Ma quanto dobbiamo dormire per stare bene?
Si sente spesso dire che “bisogna dormire almeno otto ore al giorno”, tuttavia, questa affermazione è valida solo dal punto di vista della media generale della popolazione, essendoci una grande variabilità interindividuale nel numero di ore che ciascuno dorme. Bisogna poi considerare anche che esiste una progressiva riduzione del numero di ore di sonno dall’età infantile fino alla vecchiaia. Il ritmo sonno veglia è determinato dall’orologio circadiano, che è governato principalmente dall’esposizione alla luce. Per quanto il meccanismo sia estremamente complesso e mal si presti alle semplificazioni, ai fini divulgativi è sufficiente sapere che vi sono alcuni geni che regolano il sonno attraverso la produzione di proteine che sono simili e altamente conservate tra i vertebrati. È importante sottolineare come alcuni individui portatori di particolari varianti genetiche dormano fisiologicamente meno della media del resto della popolazione (circa 6 contro le 8 di media), il tutto senza apparenti conseguenze dannose, mentre, invece, non è così per chi soffre di disturbi del sonno dovuti ad altre patologie o a periodi particolari della propria vita [5]. Sembra infatti che per ottenere gran parte degli effetti ristoratori del sonno siano sufficienti 4-5 ore di sonno per notte. In sintesi, esiste una discreta variabilità nelle ore di sonno necessarie ai singoli soggetti, ed inoltre esiste una certa variabilità anche nell’arco della vita di ogni individuo.
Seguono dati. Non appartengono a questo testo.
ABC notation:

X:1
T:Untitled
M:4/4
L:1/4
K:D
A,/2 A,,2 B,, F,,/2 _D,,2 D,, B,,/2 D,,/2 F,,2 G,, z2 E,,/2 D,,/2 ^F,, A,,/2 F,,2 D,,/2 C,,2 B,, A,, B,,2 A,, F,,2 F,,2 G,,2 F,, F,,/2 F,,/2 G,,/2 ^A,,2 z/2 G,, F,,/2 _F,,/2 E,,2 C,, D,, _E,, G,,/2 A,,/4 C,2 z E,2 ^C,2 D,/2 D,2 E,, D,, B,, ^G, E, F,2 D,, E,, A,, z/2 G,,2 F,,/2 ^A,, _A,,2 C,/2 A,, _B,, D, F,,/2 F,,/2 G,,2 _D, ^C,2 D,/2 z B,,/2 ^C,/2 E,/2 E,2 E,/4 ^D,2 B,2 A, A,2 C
C’è poi anche da considerare che le ore di sonno non sono tutte uguali ed uniformi e che il sonno è composto da diverse fasi, dette “cicli” caratterizzabili con alcuni pattern caratteristici dell’elettroencefalogramma (EEG) che rispecchiamo l’attività cerebrale. Molto schematicamente, questi cicli sono caratterizzati da periodi di sonno “profondo” (sonno non-REM, con REM che sta a significare “rapide yes movements”, movimenti rapidi degli occhi), intervallati da cicli in cui il sonno è più leggero (sonno REM, caratterizzato dai tipici movimenti oculari rapidi), durante i quali si sogna e ci si risveglia più facilmente. Sono i periodi di sonno profondo – quelli non-REM – che sembrano i più importanti per i meccanismi di “ristoro” delle funzioni cerebrali, mentre le fasi di sonno più leggero – quelle REM, durante le quali si sogna – appaiono meno importanti. Per cui non è fondamentale dormire “almeno otto ore”, piuttosto, è la quantità di ore di sonno profondo non-REM ad essere il fattore principale da cui dipende la sensazione di ristoro che abbiamo dopo aver dormito, e questa quantità è a sua volta molto variabile da individuo a individuo.
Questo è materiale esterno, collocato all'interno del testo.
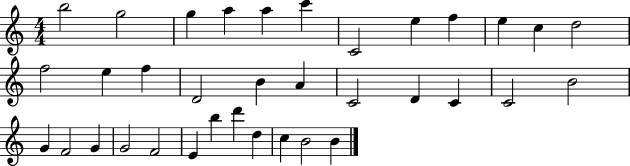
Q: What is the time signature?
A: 4/4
Come già detto, in media nell’adulto la durata complessiva del sonno è intorno alle 8 ore e il sonno REM rappresenta circa il 20–25% del totale del sonno. La quantità giornaliera di sonno e la quantità di sonno non-REM decrementano progressivamente dall’infanzia alla vecchiaia, mentre la quantità di sonno REM (che a quanto pare è
quasi doppia nel neonato rispetto al bambino) viene invece mantenuta a un livello stabile per tutta la durata della vita [6].
Inoltre, c’è da considerare che nell’uomo la struttura del sonno non-REM è ulteriormente suddivisa in quattro stadi successivi chiamati S1–S4, sulla base delle caratteristiche delle onde EEG: la fase S1 rappresenta la transizione dalla veglia al sonno, che può essere anche abbastanza rapida e durante la quale è abbastanza facile essere svegliati. Seguono le fasi di sonno più profondo che vanno da S2 a S4, che sono caratterizzate dalla progressiva comparsa di particolari onde dell’EEG, chiamate “onde lente”, che rappresentano il risultato elettrico dell’attività dei neuroni corticali che generano una sorta di oscillazione sincrona in tutte le aree della corteccia cerebrale. Dopo la fase S4, c’è un graduale ritorno verso la fase S1, passando per S2-S3, a cui segue una fase di sonno REM, durante la quale si sogna. La fase REM può essere seguita da una nuova fase S1-S4, oppure dal risveglio. Tipicamente, negli esseri umani, questo processo ciclico dura circa 90–100 min e, durante un normale periodo di sonno notturno, si completano in totale 4–5 cicli in totale [6]. Ma anche questi cicli non sono tutti uguali. Infatti, il sonno non-REM più profondo (cioè, lo stadio S4) viene solitamente raggiunto solo durante la prima parte della notte e i cicli tardivi sono generalmente caratterizzati da fasi REM più lunghe che possono durare fino a 20-25 min negli ultimi cicli prima del risveglio. In sintesi, la durata delle varie fasi del sonno è variabile tra i singoli individui, ed inoltre varia all’interno di uno stesso individuo nell’arco di una notte.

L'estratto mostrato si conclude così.